Work to be completed: No pictures go into the copy. Write out exactly the lines below from the one containing "Toyota RAV4 Limited V6 Image 11" through the one containing "SINGLE DOOR REFRIGERATOR".

Data provided:
▬▬▬▬▬▬▬▬▬▬

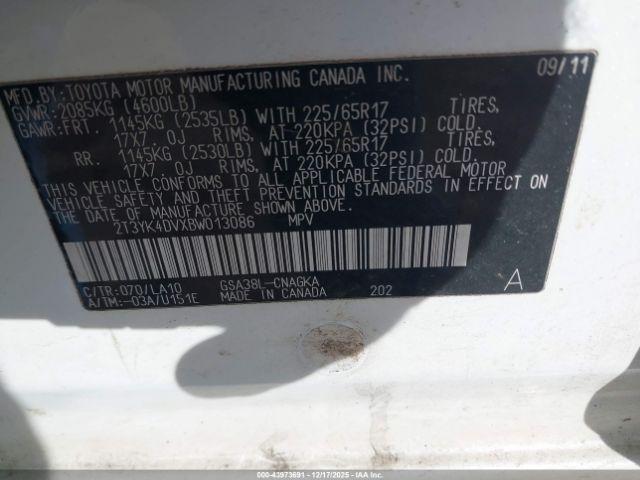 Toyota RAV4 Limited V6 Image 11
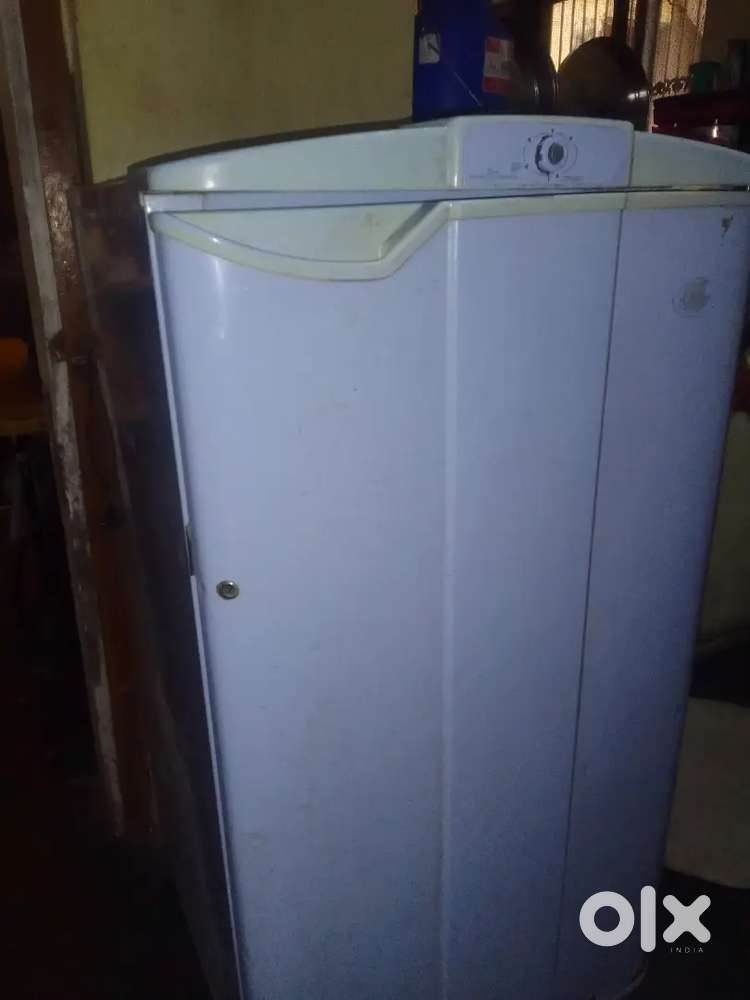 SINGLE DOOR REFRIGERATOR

▬▬▬▬▬▬▬▬▬▬

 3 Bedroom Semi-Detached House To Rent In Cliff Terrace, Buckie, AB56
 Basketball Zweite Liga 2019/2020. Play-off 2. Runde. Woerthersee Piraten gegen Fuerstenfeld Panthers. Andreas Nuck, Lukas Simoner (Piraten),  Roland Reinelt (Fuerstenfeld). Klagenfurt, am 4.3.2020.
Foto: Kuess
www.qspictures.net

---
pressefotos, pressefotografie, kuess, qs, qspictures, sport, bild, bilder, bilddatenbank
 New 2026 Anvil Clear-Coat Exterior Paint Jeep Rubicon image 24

▬▬▬▬▬▬▬▬▬▬

Solution to this task:
 Toyota RAV4 Limited V6 Image 11
 SINGLE DOOR REFRIGERATOR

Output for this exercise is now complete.